Structural Engineer: Michael Kurt, Leipzig
Light Conception: Jürgen Meier, architektur&medien, Leipzig
Consultant: Ruth Gierhake, Köln
Commissioner: City of Magdeburg
Funding: Ministry of infrastructure, building and city development
Project Area: 488 sqm
Budget: $325,000 Euro
Project year: 2008-2009
Photographs: Anja Schlamann
The open air library, we established in 2005 in an abandoned district centre in East Germany has been started with a public intervention, using beer crates as building material: On the fallow site of the former district library a 1:1 model of a possible Open-Air-Library has been build up for two days and the shelves have been filled with book donations. The residents took over the energy of the temporary project and opened up an informal district library near the site which now offers more than 20.000 books. The outdoor space as an addition has been designed together with the residents and opened in June this year.
Project Information
The southeast of Magdeburg belongs to these urban areas in Eastern Germany which are characterized by abandoned industrial plants and fallow land. A post-industrial city landscape with high unemployment and figures of vacancy up to 80%. This also concerns the district Salbke. The spatially intact city center stands almost completely empty. Its image is shaped by pasted over shop windows and fallow land. The encountered reality served us as a resource and starting point for an urbanistic experiment.
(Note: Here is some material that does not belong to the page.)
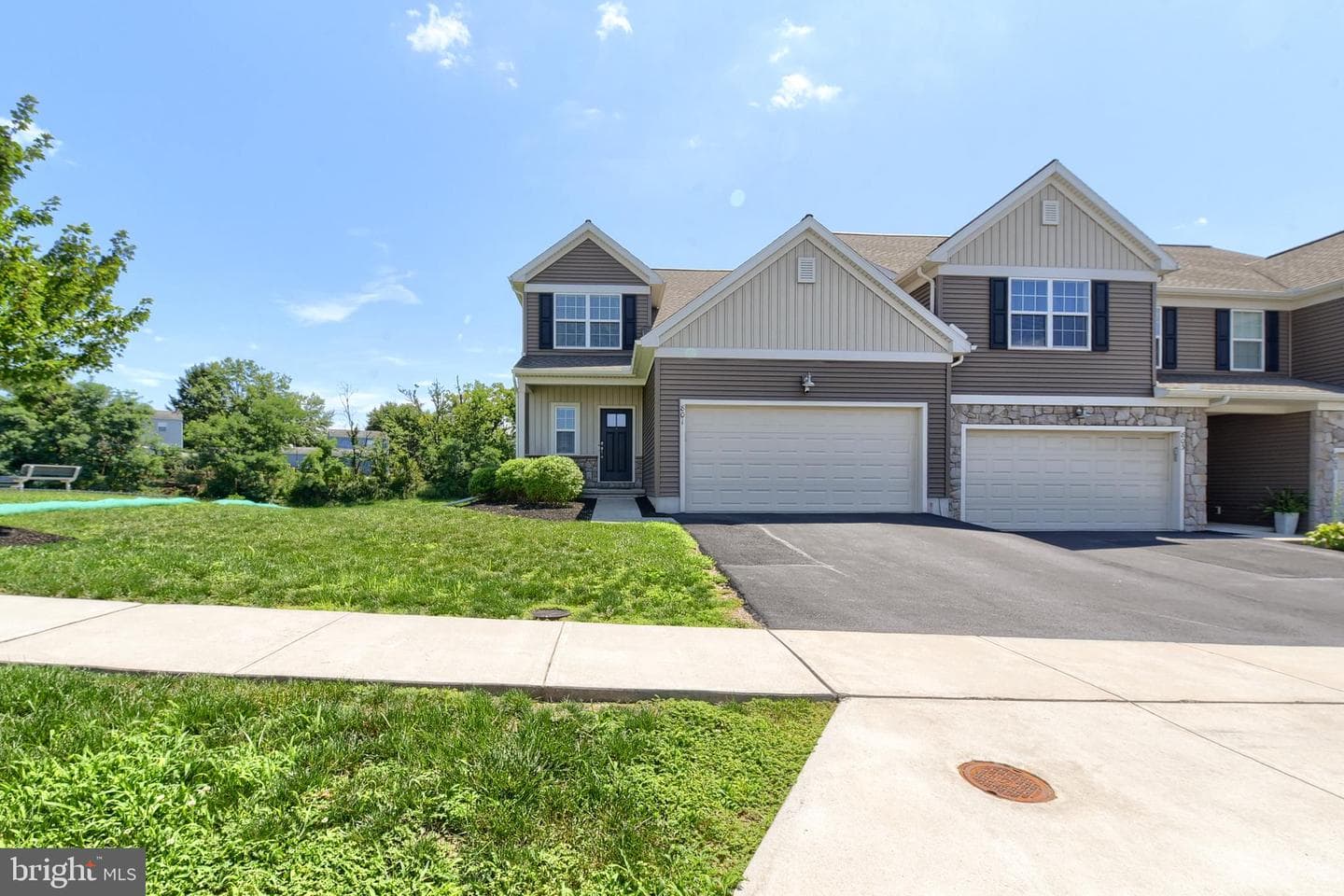 801 Anthony Drive photo 1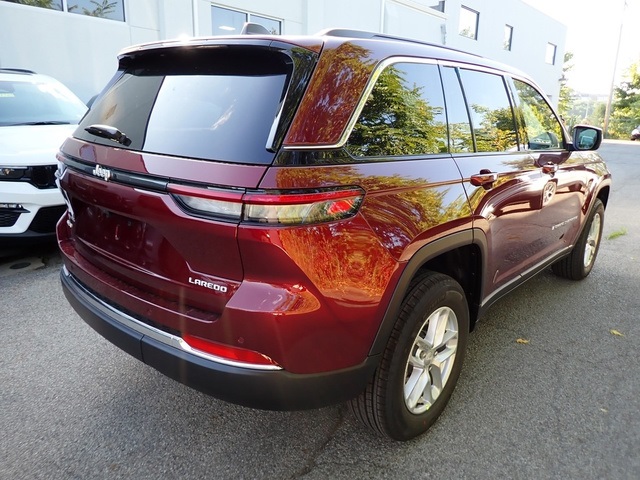 2025 Jeep Grand Cherokee Laredo X photo 4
In collaboration with the local residents the fallow zones of the former village library are developed as a “bookmark”. Remembrance, history and narratives provided the background for the “re-occupation” of the abandoned expanse. An old empty shop was used as base for a temporary library and camp for a building workshop. There, books were collected and design strategies for reclaiming the site were developed.
With more than 1.000 lent beer crates the favorite draft was constructed together with the locals in the scale 1:1 [2005]. The shelves of the temporary library were filled by the residents with books. A festival followed with poetry slam and readings to prove the everyday suitability of the new urban situation. Since 2005 more than 20.000 books were collected and the local residents pursue a reading café quite near the site. But it took some years to organize the money to build this so called “bookmark” for real. Since 2006 the project is part of a research project of the federal government and is funded as a pilot project for realization.
In June this year the outdoor-library opened officially. The residents which take care for the reading-café as well as for the open-air-library call it a “library of confidence”: There is no registration needed. You can just take a book away and should bring it back voluntary or at least another one. The shelves are never closed; you can go there and take a book when ever you want – 24 hours a day.
As another communal function a stage is included. This is used by the elementary school for theatre plays, as well as for public readings, for concert-gigs of local youth bands and other cultural and communal events.
Beside the social aspects, the architectural kick is the re-use of the modernist facade of the old HORTEN warehouse of the City of Hamm [built in 1966], which has been knocked down in 2007.